Sometime last year Minister Hazel Manning swore she’d rid the streets of these unfortunate souls. I warned her that I’d heard better cocks crow. Now she knows. They will still be around when she sits in her sky-high new office, staring at squalor not only in Sea Lots, but also at the ’slumdogs’ on the sidewalks and almost anywhere else she turns.

You cannot have a country that has earned around $200 billion in revenue over the past five years, but still cannot provide basic standards of living for its population of 1.3 million. If we exclude the ten, twenty thousand ‘lochos’ who are content to live in squalor, what of those brimming with national pride who have no hope of having decent roofs over their heads?

The HDC, as I commented recently, seems to have a strange selection process in which deserving cases for national housing die before they see a key.
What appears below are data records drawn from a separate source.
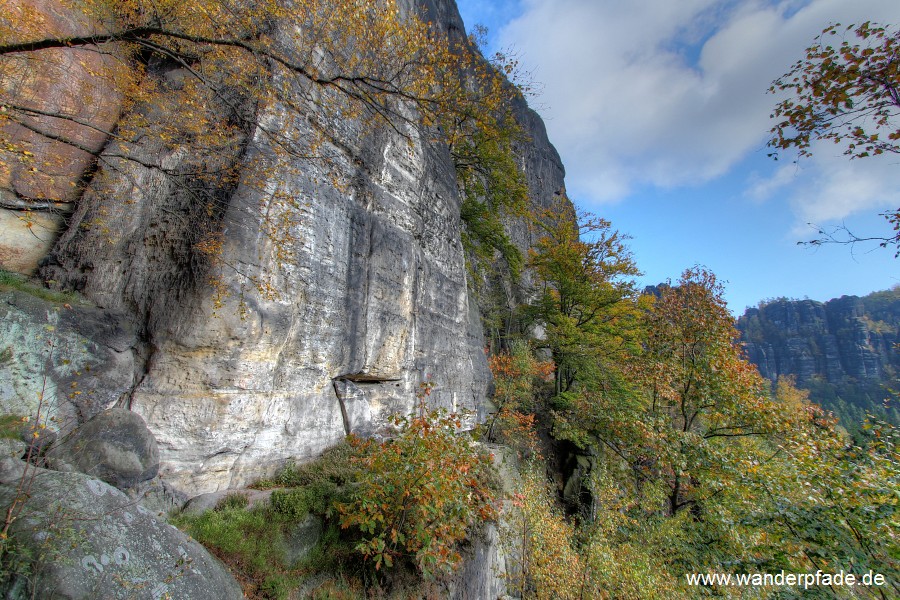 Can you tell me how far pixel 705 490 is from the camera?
10.2 m

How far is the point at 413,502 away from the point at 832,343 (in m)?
143

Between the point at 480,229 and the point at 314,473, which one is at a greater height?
the point at 480,229

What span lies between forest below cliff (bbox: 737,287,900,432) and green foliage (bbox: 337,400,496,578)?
114 metres

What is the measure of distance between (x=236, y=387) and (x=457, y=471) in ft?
12.3

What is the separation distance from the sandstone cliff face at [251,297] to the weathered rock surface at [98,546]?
2.02m

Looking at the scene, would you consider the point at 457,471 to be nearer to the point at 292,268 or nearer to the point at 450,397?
the point at 292,268

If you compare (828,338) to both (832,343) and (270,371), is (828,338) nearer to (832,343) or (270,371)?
(832,343)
Yet known criminals hold priority over hard working young families: how in Jah’s name could that be just?

Minister Hunt, in reflecting on the anger that flag has provoked should scan the increasing number of street children who stalk the nation’s highways and byways. How can a giant flag, sited at a venue they know nothing of and will never have the money to enter, engender pride in them?

How can Hunt or any of his Cabinet colleagues justify their smugness at weekly Cabinet-defensive-talk-diatribes, knowing that thousands of children go to sleep on makeshift ‘beds’, not to add empty stomachs? What would one or two or ten million-dollar flags do for their national pride?I’ll tell him what. They will harbour intense hatred for those who squander their patronage on endless metres of cloth, while they suffer for lack of clothes. And they will come after us, matters not whether we care about them or we ignore them. Watch out for the wrath of those children. They will take pride in snuffing out lives of the innocent and the guilty.